Welcome to the first of a three part series that puts me in the shoes of a client and served as the inspiration to start this blog.
The Other Side of the Table
The words hit me like a sledgehammer. I was devastated. “Charlie has a tumor,” said my wife on the phone. At first silence, then tears. A sudden wave of emotion swept over me as I digested the news about my best friend, my dog. In a split second, I went from one side of the exam table to the other. Let me explain…
Charlie and I had become best friends in veterinary school where he was part of the blood donor program. He arrived shortly before I started school and I joined a group of students responsible for getting the dogs out to walk and play. Charlie was more than just one of a group of dogs who helped save other dogs lives. When they say that dogs love unconditionally, Charlie epitomizes that. During stressful times in school, exam weeks, getting bad news from home…whatever, Charlie was who I would go and spend time with and have conversations. Though he never spoke back verbally, I knew he was understanding and nurturing; always wagging his tail, giving a sloppy kiss, and even being able to hug.
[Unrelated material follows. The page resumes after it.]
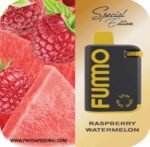 Fummo Spin 10000 Puffs Disposable Vape Dubai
When I graduated, I got to adopt Charlie. Later, a picture of him & I is what Jennifer told me helped break the ice between she & myself.
For 12 years, Charlie has been by my side even as we left Florida and moved to Kingston, Ontario. As we don’t have any kids, I suspect the wave of emotions we were feeling was much like a parent with a child. He had been eating less as of late and with the brutally long Kingston winter, I took his trouble with the stairs to be related to arthritis and a previous incident of slipping on the ice. I had no idea what was brewing inside his abdomen. The night before he just couldn’t get comfortable and he was panting more than usual. The next morning he seemed more lethargic, weak, and would not eat. My wife Jennifer, also a veterinarian, had taken him to her job that morning since he seemed very weak and lethargic. The x-rays showed a large mass on his spleen.
I was devastated by this news and I now know how many of my clients feel in a moment like this. The fear of losing a family member, the uncertainty of whether he would be make it, the concern for his quality of life…all the things I had discussed numerous times with pet owners over the years were now swirling through my mind. I left the clinic to go pick up my buddy and bring him back to the Kingston Veterinary Clinic where I work. He was definitely weaker looking then when I left and it crushed me to know he was hurting. How could I have not seen this coming? I was upset with myself but I had to be strong for Charlie. His chest x-rays had been normal and no blood was seen on the ultrasound as is often the case with these tumors. Jennifer & I talked; we decided to go forward with surgery. We knew of all the outcomes and the risks. I had to try and save my best friend. I couldn’t give up on him. More importantly though, I wasn’t ready to let go.